INSTRUCTIONS FOR THE TASK |
Reproduce the line containing "VW TOURAN 2009.gada" and every line after it through the end of the records. Include nothing else.

BEGIN RECORD EXCERPTS

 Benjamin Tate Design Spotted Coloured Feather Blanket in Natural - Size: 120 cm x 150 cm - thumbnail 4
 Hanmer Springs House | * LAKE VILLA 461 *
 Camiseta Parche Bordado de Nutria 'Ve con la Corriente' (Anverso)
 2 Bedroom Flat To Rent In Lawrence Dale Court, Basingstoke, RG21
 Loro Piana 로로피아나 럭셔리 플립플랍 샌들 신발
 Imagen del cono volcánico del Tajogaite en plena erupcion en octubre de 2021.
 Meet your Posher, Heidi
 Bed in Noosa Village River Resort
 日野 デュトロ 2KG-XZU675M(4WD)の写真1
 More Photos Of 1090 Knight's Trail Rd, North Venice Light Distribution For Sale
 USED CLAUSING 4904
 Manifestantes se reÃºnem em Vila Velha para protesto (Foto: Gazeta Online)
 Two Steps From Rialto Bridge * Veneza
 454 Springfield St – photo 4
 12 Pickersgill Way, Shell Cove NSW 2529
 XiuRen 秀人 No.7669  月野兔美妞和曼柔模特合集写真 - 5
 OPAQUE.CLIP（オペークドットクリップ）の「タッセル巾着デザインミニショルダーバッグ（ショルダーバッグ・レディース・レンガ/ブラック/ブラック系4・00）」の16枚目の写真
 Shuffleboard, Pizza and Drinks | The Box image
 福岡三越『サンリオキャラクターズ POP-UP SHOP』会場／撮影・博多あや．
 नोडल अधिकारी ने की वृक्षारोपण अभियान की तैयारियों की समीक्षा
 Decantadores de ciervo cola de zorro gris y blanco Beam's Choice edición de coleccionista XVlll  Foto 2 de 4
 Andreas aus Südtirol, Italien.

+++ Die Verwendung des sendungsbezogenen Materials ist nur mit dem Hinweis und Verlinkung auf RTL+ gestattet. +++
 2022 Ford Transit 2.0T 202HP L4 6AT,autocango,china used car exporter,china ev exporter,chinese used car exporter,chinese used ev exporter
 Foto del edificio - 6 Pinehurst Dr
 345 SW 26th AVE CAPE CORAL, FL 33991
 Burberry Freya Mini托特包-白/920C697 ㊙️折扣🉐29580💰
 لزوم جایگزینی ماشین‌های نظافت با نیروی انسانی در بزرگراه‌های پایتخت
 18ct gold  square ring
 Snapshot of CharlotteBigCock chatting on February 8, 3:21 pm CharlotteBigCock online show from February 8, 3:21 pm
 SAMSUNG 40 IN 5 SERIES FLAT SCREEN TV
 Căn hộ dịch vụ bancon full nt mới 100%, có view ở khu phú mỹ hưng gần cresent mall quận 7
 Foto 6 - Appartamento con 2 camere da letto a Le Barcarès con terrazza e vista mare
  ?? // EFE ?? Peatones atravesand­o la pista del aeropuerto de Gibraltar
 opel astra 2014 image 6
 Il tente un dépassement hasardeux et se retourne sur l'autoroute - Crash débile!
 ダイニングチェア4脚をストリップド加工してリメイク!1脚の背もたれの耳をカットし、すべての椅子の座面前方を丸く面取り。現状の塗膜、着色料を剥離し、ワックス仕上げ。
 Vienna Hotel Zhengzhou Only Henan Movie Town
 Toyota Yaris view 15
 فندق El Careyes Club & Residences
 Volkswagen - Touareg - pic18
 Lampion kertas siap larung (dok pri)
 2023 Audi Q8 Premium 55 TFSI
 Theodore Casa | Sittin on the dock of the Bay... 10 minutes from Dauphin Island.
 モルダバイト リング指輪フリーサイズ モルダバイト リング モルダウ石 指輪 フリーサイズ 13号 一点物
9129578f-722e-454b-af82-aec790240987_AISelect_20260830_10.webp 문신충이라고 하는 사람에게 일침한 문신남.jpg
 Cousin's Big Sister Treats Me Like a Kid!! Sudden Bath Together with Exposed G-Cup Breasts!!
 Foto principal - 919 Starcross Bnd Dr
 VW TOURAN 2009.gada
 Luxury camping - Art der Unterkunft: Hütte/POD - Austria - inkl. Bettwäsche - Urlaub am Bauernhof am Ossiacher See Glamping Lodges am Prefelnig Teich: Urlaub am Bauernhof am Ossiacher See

END RECORD EXCERPTS

RESULT |
 VW TOURAN 2009.gada
 Luxury camping - Art der Unterkunft: Hütte/POD - Austria - inkl. Bettwäsche - Urlaub am Bauernhof am Ossiacher See Glamping Lodges am Prefelnig Teich: Urlaub am Bauernhof am Ossiacher See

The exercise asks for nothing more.